Wednesday, September 20, 2023

The Weird Way My Brain Works

     Normally, I'd be finishing up my writing day about now (just after dinner, that is), or would have finished it a few hours ago, depending on when my enthusiasm/momentum/procrastination petered out.  Today, I haven't quite started yet, because when I finished up yesterday (not long after lunch), it was with the depressing realization that I didn't actually know what happened next.

    I mean, I knew what had to happen:  the characters are embroiled in a war, which will be over as soon as they assault the enemy's capital, but before that they had to defeat another town, and my plans had not included any mention of just how they were going to do so, or even what, precisely, that entailed, as this is a war between cultivation clans, so they do not, technically, own or in any other way control the land they're fighting over.  (It doesn't make any sense to me, either.  This may be a genre thing that I'm too ill-versed in the genre and setting to understand.)

    So today I was just like "eh, I'll give my mind a break and just play games all day."  (Sole advantage of being unemployed...)  Yesterday I had taken a few notes in my "Continuing the current fic" file on Google Docs (which I use for jotting down notes and just writing extensions to wherever I happen to be in whatever I'm working on), and shortly before dinner I was looking over them, and then adding to them, just sort of brainstorming in text form.
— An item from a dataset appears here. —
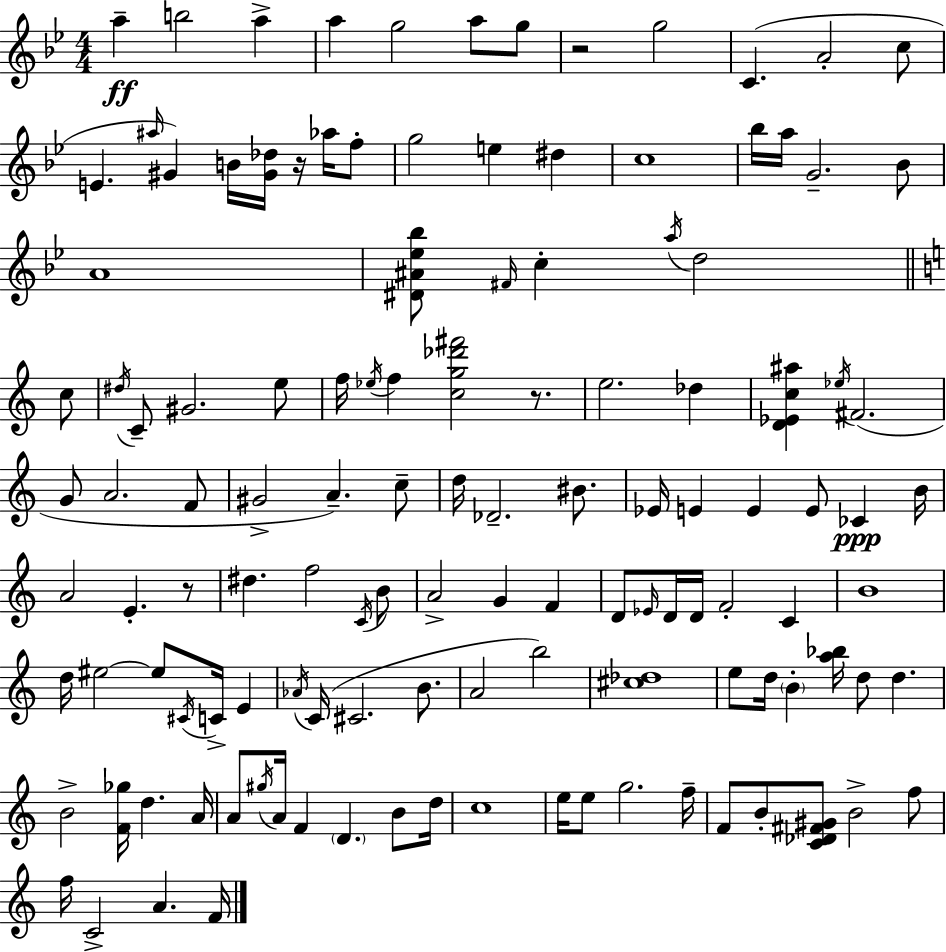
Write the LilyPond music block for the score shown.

    I wanted to share that, because I find it kind of funny that this broken process is coming from an allegedly functional brain.  (Rather than copy-paste the text, I decided to use a screen-shot.  Because.  It is unedited except that I blurred out the swear words because I don't like to swear on my blog for some reason.  But I did not go in and fix the grammar, punctuation, or the fact that I don't typically bother with capital letters in this sort of brainstorming session.)


        I suppose it's basically the same kind of process that idea bouncing involves, only there isn't a second person involved so I'm just bouncing the ideas off myself? 😅


    So, yeah.  My brain is a demented place, but at least I know how to get my fanfic through this last bump in the road of the Sunshot Campaign so that I can finally get to the political drama on the other side. 🤔  Since getting into writing MDZS fanfic, I've been writing about so many things I would normally avoid like the plague...  😰

    (BTW, word count on this monster fic will hit 180k today.  I shudder to think how long it's going to be in the end.)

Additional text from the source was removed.